Firefox recently turned 100 (we mean version 100, of course) and has always been the underrated rival of Google Chrome, which has now also passed 100. In terms of global market shares for desktop browsers, the two seem almost worlds apart. And yet there are many reasons why you should give Firefox a try. There is one thing he is particularly good at: online data protection. You will be amazed at the built-in features that Firefox offers to make your browsing experience as smooth and secure as possible.
These are the eight key benefits by Firefox!
You probably know these cases when you suddenly hear noises somewhere in the background while surfing the web. The reason: Many websites have videos and other media that play automatically as soon as you load the page. The main disadvantage of these autoplay videos is that they consume bandwidth unnecessarily. Keep this in mind if you use connections with a limited data volume.
In Chrome, you can only block such websites if you install a third-party extension. Firefox, on the other hand, offers an automatic lock in its settings. Enabling this will mute audio playback by default. You can also specify websites (eg YouTube) where the autoplay of audio and video is blocked. You can find the option in Firefox Preferences under Privacy & Security > Permissions > AutoPlay.
Reinstalling Firefox will automatically block trackers that can slow down your browsing. In short, the more scripts to load as part of a website, the slower the speed – even if the scripts run invisibly in the background.
Firefox also protects your PC from so-called cryptojacking. This is the unauthorized mining of cryptocurrencies on someone else’s device by spreading malicious code or malware through websites. Indirectly, this security feature also helps with browsing speed. If your system resources are tied up due to cryptominer access, your PC will run noticeably slower.

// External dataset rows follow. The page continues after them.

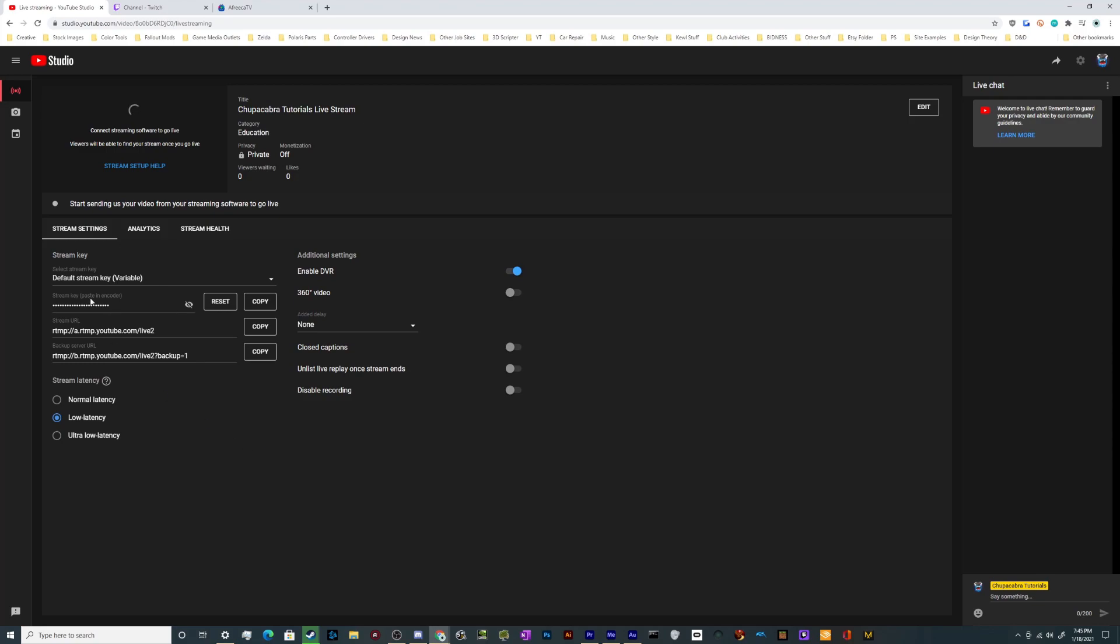Inside of this control panel is where you'll find things like your stream key, where you can press this button to copy it. This is the server information you'll need in order to broadcast to YouTube. So if it asks you for that, it's right here, and if you need a backup because the first one's not working, it's right here as well.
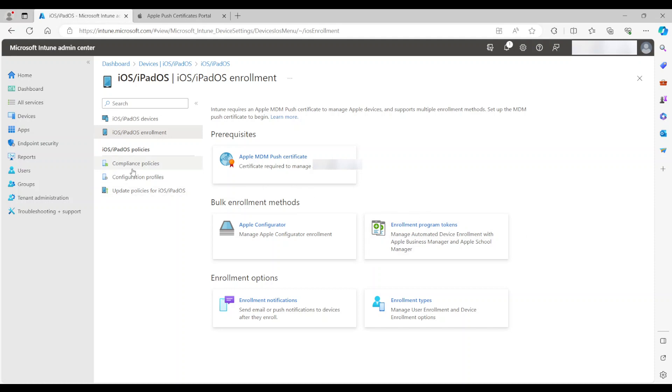Now at this time, you can create your compliance policies and configuration profiles, which I'm not going to cover in this video. I'm just going through the process of enrolling the device. So what I'm going to do is I'm going to connect to my iPad and go ahead and enroll it for you to see how it's done.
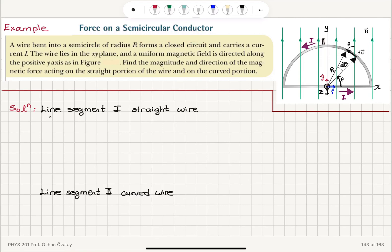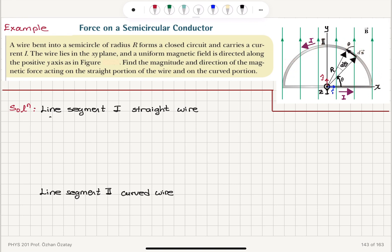Force on a semicircular conductor. A wire bent into a semicircle of radius R forms a closed circuit and carries a current I. The current flows to the right at the bottom and through the arc in the counterclockwise direction. The wire lies in the XY plane, with the X axis and Y axis as shown. A uniform magnetic field is directed along the positive Y axis, so it's pointing up.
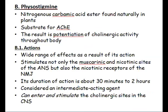Physostigmine is another anti-cholinesterase drug acting reversibly. It is a nitrogenous carbamic acid ester found naturally in plants. It is a substrate that binds acetylcholinesterase and potentiates the activity of the cholinergic neuron by increasing the synthesis of acetylcholine and its presence in the synaptic cleft throughout the body. It stimulates both muscarinic and nicotinic sites at the autonomic nervous system, as well as nicotinic receptors at the neuromuscular junction.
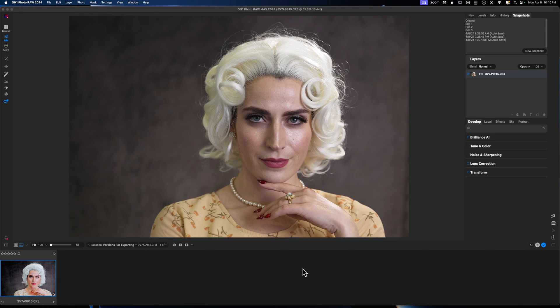Welcome back to another video right here on FreeWill Photos. Today, I wanted to show you something that I kind of discovered in the past week or so.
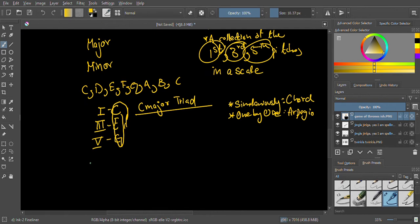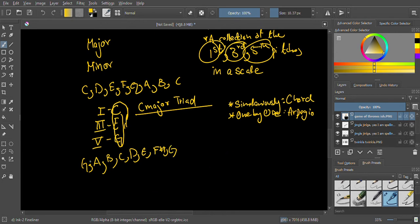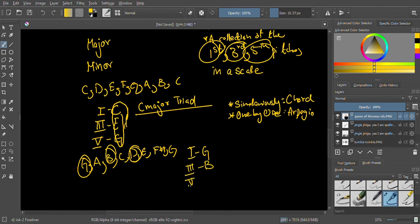We've only discussed the major triad so far. Let's do one more — the G major triad. The G major scale is G A B C D E F# G. Taking the first, third, and fifth notes: G is one, B is three, and D is five. These sound extremely consonant together and form the G major triad, which I can play as a chord.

Chrome is notorious for taking up a lot of system resources – mainly RAM, but often CPU as well. With Firefox you don’t have this problem because it is generally very frugal with system resources. Even if you open a lot of tabs and windows, the browser does not slow down.
However, Firefox can also occasionally suffer from excessive memory usage, namely when you leave many tabs open for a long time. If such a case occurs, please restart Firefox or your PC.
Tired of pop-ups and annoying ads while browsing the web on your smartphone? Android users are in luck. Just like on desktop, you can install browser extensions on the mobile version of Firefox. While the choices are very limited, they cover the key areas to improve web browsing and security.
but: Too many extensions can also consume unnecessary resources. So only install the essentials (a rule of thumb that basically applies to any browser).
What makes Chrome so appealing in the first place is its seamless connection to the Google ecosystem. Whatever device you use, the Google browser makes it easy to access your bookmarks and sync open tabs. However, this feature is not limited to Chrome. Even with Firefox, you can easily browse the web on different devices and platforms.
When you create a Firefox Sync account, you can transfer your browsing history, bookmarks, tabs, saved passwords and more to any device you sign in to. In addition, additional data protection and security-oriented services provide such as: FirefoxRelay (email masking) and firefox monitor (Monitoring of data leaks).
Not only does Firefox block third-party cookies and trackers from collecting data about your browsing, it also blocks fingerprints – an even more insidious way to track people online.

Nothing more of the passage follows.